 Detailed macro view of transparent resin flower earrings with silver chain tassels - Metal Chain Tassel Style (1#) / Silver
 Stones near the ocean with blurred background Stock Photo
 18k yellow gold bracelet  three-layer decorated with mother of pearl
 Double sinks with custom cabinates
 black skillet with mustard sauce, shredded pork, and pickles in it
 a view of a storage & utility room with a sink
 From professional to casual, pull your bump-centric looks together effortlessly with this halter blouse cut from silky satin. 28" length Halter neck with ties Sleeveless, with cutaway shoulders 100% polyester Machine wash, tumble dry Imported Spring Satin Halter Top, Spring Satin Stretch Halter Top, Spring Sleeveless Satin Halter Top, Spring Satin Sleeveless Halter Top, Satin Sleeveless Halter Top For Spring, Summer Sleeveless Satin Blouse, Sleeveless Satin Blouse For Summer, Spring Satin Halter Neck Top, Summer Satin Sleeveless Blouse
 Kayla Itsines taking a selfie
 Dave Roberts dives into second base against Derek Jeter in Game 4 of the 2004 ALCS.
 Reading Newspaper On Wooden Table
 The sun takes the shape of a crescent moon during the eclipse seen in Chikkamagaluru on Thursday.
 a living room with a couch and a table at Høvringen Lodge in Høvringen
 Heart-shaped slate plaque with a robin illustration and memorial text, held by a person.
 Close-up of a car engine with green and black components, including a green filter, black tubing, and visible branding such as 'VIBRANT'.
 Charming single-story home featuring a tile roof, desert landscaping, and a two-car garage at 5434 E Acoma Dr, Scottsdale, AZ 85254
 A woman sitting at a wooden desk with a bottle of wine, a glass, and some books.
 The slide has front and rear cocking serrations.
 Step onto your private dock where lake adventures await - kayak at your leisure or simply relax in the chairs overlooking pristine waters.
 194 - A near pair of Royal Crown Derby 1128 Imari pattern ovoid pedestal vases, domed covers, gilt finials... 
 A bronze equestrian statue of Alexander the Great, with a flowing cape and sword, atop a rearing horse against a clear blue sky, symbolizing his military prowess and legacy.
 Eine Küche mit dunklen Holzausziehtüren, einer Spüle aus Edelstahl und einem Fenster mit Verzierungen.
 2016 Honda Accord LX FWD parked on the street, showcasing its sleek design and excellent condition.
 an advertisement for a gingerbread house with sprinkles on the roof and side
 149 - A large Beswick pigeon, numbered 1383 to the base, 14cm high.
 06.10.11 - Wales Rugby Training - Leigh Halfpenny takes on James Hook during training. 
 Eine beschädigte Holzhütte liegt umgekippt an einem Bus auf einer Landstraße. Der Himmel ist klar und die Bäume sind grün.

● ● ● ● ● ● ●

Print exactly, and only, the lines running from the one that contains "an advertisement for" to the last line of the records above.

 an advertisement for a gingerbread house with sprinkles on the roof and side
 149 - A large Beswick pigeon, numbered 1383 to the base, 14cm high.
 06.10.11 - Wales Rugby Training - Leigh Halfpenny takes on James Hook during training. 
 Eine beschädigte Holzhütte liegt umgekippt an einem Bus auf einer Landstraße. Der Himmel ist klar und die Bäume sind grün.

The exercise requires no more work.